Hell of a Guy (plus other fragments)

Wednesday, June 22, 2005

“My name is Albert, and I’m a hell of a guy,” Albert said. He stood next to his chair. Ten other men sat in similar chairs in a circle. On the floor next to the chairs were white coffee cups, most filled with cigarette butts.

“Hello, Albert,” the other men said in unison.

Tim smiled broadly at Albert and leaned toward him before speaking. “Albert, why are you such a hell of a guy?” Tim was the group’s leader. He had been running the “The Man’s Men” group for three years, and had twenty ten-men groups that he met each week.

Albert smiled sheepishly. “I put my wife in her place this past weekend. It happened exactly as you predicted. She was nagging me about the lawn, and I explained to her what I felt my job was and what I felt her job was, and what I thought about our respective jobs.”

Tim stood up and walked behind Albert. “Did you explain or did you yell?”

“I yelled,” Albert said with a small laugh. “I don’t think she’s ever heard me yell. And you know what happened? She shut up.”

“She couldn’t have stayed quiet the entire time, Albert, did she? What happened then?” Tim waited behind Albert and played with the strap of the small black journal he carried around whenever he conducted his group sessions. He took meticulous notes on each man within the group, chronicling their development and character. Albert looked at the other men in the circle when he answered.

“When I finished yelling, she started to get into her feelings. I cut her off like you said, and I told her that I only wanted to talk about thoughts and not feeling. Then when she started talking again, I cut her off again, and said that those thoughts had to be rational ones or I wasn’t going to listen to them.”

Tim began clapping and the other nine men joined in. “Excellent, Albert, truly excellent. Do you see what a little confidence and truth can do to your woman? What happened during the rest of the evening?”

“She was real angry, but she didn’t say anything. When I went to kiss her at night, she let me, and she seemed vaguely satisfied in what I was doing.”

“This is what I’m speaking about,” Albert said and walked between two chairs back into the center of the circle. “This is what I’m trying to bring you to understand. Our wives are only the first step, of course. There’s an entire world waiting, an entire world that needs a firm hand, needs the decisiveness of our thoughts, or understanding, our unyielding sentiments. We are building toward that. This is your first step, each of your first steps. In time, we’ll take other steps, smaller steps, but as important, until we arrive at our proper place in the world.”

Tim went on for another hour, lecturing the men about their roles at home and in the society at large. The men listened and smoked their cigarettes, which Tim encouraged, reminding them that as men, their bases instincts and hungers must be satisfied, nothing should be sacrificed at the alter of emotions. Tim passed around bottles of whiskey and the men drank heavily. Tim was a small man in stature, but when he spoke, he seemed gigantic. The men felt his presence when he was in the room. Their eyes did not leave him when he spoke, and when he left the room, they felt like the air had been let out, his presence was that strong.

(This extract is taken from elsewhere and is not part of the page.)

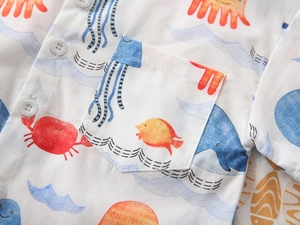 Close-up of boys' short-sleeved shirt with colorful marine life print and pocket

Nobody knew how many of these circles Tim ran. He had trained many men in his way of thinking, and those men had started circles of their own. Tim would visit these circles, but he trusted the men he trained to train them in his way. They would say later that he had built an army slowly over time, that his men had become his men after many years of indoctrination. It wasn’t true, of course. The men were Tim’s after the first time they heard him speak. He had to visit a circle only once to leave a mark upon the men. They men didn’t understand the mark but they knew it for what it was: a bind upon them, a guide in their life, a new way of living.

Some men in the circles did not take to Tim’s way. They leaders identified these early, and they would work with them. For the tougher cases, they called Tim in. He would either convince those cases, or none of the men would see those cases again. They didn’t ask what happened to them. Most assumed they were let go and told never to return or report what went on in the meetings. Some assumed they were killed. The truth, though, was somewhere in between.

I hugged the muddy ground of my foxhole. The explosions started an hour ago, and had not let up. I waited alone in the foxhole and searched the woods for movement. I unstrung my bow and put the string in my oil-covered pouch. The rain was heavy today, and I knew after the mages moved on, we would be given the orders to advance. Our mages pounded their side of the line as badly as there’s pounded ours. What a horrible way to make war. Give me steal and arrows any day over this mages’ game.

Boy walks into a convenience store and shoplifts a toy gun and a box of caps for the gun. After leaving the store, he breaks into a run. The storeowner sees him start running through the door, and follows, shaking his fist and yelling that he’ll catch him the next time he comes into his store. The boy laughs and runs away, knowing that since this is his grandmother’s neighborhood, and his parents almost never bring him here, there’s a fat chance that the storeowner will ever see him again.